Historically, the P/E for the S&P 500 has fluctuated between 10 and 20 based on 12-month past earnings (see accompanying chart). Until recently, it has breached the 30 limit only twice.
The first (I consider the period from 1998 to 2001 as part of the same event) coincided with the dot-com bubble, which burst in 2001. The second occurred just before the Great Recession of 2008-09.
The P/E of the S&P 500 is once again above 30, where it has been since January 2020. In fact, it is closer to 35. I am not going to predict an imminent crash, but I would suggest that high P/E is not good for the medium term. That’s because the scenarios in which the stock can continue to perform well are far-fetched compared to the scenarios that lead to diminishing returns.
Basically, the future return on shares is determined by the change in P/E ratio. If the P/E is constant, the actual return on all stocks has averaged around 7 percent. It was so until the 1990s. When P/E is rising, real returns can be higher and since 1990, when P/E has doubled, real returns have averaged 8 percent. This is because if the P/E ratio drops significantly, the real return will also decline.

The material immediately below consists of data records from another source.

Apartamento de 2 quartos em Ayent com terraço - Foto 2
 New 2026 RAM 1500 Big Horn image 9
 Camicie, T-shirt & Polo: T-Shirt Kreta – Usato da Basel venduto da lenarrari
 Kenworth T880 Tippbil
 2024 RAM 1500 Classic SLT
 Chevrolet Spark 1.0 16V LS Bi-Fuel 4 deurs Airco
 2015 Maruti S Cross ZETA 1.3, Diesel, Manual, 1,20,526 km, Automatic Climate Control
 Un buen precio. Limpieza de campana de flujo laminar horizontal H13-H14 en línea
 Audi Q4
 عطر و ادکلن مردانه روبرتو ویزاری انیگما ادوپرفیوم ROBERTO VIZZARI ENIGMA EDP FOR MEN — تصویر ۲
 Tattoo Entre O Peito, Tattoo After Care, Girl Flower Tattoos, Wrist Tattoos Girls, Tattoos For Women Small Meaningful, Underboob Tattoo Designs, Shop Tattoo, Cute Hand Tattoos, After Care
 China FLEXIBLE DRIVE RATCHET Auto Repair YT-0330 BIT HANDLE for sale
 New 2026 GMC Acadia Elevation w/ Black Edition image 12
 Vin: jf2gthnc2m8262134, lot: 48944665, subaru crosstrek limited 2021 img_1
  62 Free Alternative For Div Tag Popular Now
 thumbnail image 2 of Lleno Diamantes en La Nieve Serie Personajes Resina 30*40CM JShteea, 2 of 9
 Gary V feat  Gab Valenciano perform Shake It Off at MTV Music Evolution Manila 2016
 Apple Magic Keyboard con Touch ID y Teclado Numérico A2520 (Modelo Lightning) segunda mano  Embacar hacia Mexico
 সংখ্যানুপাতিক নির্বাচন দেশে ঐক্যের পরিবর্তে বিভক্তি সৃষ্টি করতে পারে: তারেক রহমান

For the next 20 or so years, consider the scenario in which the P/E ratio remains in the mid-30s. If that happens, we have every reason to expect actual returns to be around 7 per cent. If the P/E rises still higher, the actual return could be as high as 7 percent. The problem is that this scenario is highly unlikely because a P/E above 30 has never been sustainable since 1900.
Now what if the P/E ratio slowly falls back to 25? This is actually quite an optimistic scenario, given that the range used to be 10 to 20. However, this will not bode well for the returns of the stock market. Assuming that nothing unusual happens in profit growth, the actual return will drop to about 5 percent.
Worse, imagine that the P/E is slipping back to 20 and profit growth declined by one percent in a year. In that case, the future 20-year return on the S&P 500 would realistically be just 3 percent per year, which isn’t much on a risk-adjusted basis.
Unfortunately, there are few viable options for investing in stocks. Bond returns will almost certainly be worse and real estate investing is fraught with its own problems. All of this suggests that anyone saving for retirement should start saving a little more. For retirees whose savings days are behind them, they should be fine as long as their investment return expectations are modest.
Frederick Waitis is the former chief scribe of Morneau Schapel (now LifeWorks) and . is the author of The Rule of 30: A Better Way to Save for Retirement, which is releasing on 19 October.